# Best brand of cat pill plunger/gun/piller



## jackie_hubert (Jun 2, 2010)

We give have to pill Oscar once a day and while I can do it by hand but I'd prefer an easier and less stressful method. I'm also thinking of buying one for work cause there's nothing like giving a pill to angry shelter cat...
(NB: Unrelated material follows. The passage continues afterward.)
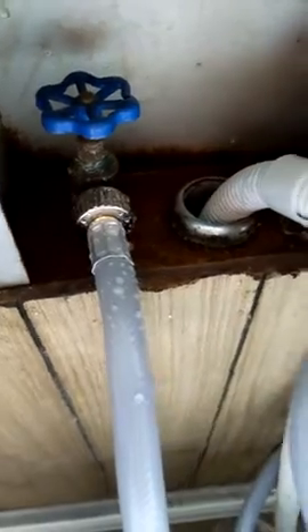This hose here is good, it didn't bust. But I had to take a hose off my other washing machine and put it here — this one didn't bust, but that one cracked and busted.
Has anyone used that little pill plunger device that they make? If so, what brand is best and where can I buy one?


----------



## C's Mom (Dec 7, 2009)

You learn something new everyday - I had no idea there was such a thing as a pill plunger. I can just imagine how handy it would be with shelter cats.


----------



## RedDogs (Jan 30, 2010)

I don't know about specific products....

But if your work doesn't have a copy of Sophia Yin's "Low Stress Handling" book... beg them to get it! I have a feeling there was a section on giving meds to cats and dogs.


----------



## Rainheart (Nov 28, 2010)

Any old one will work.
You can also try dissolving the pill in water in a syringe and then give it like a liquid.


----------



## fostermom (Sep 6, 2007)

I just bought the first one I came across and it works fine. I prefer to use Pill Pockets, but Zoey likes to eat the Pill Pocket and spit out the pill, so I have to use the pill popper sometimes.


----------



## jackie_hubert (Jun 2, 2010)

Thanks everyone! And no our shelter does not have a copy of that...it's always such a dread to have to get the literature we have approved by our provincial office...but I'll send them word about it.


----------



## Taz Monkey (Feb 25, 2007)

I would try pill pockets first. They have been a life saver in getting my cat's prozac in him, but like FM said not all cats like them, or they're just smart. I have to put the pill in the pill pocket, them smoosh 2 pieces of dry food in it and he eats it just fine. Sometimes you have to be smarter than your cat, as hard as that is sometimes


----------



## fostermom (Sep 6, 2007)

Taz Monkey said:


> I would try pill pockets first. They have been a life saver in getting my cat's prozac in him, but like FM said not all cats like them, or they're just smart. I have to put the pill in the pill pocket, them smoosh 2 pieces of dry food in it and he eats it just fine. Sometimes you have to be smarter than your cat, as hard as that is sometimes


I got it. You're very politely saying that Zoey is smarter than me. Uh huh. 



You're probably right.


----------



## RedDogs (Jan 30, 2010)

Preview - Low Stress Handling, Restraint and Behavior Modification of Dogs & Cats by Dr. Sophia Yin, DVM, MS You can preview some of the chapters online...The "previews" of Ch 9 and 15 show some of the handling sections (which are the best and THE m ost useful parts of the book. 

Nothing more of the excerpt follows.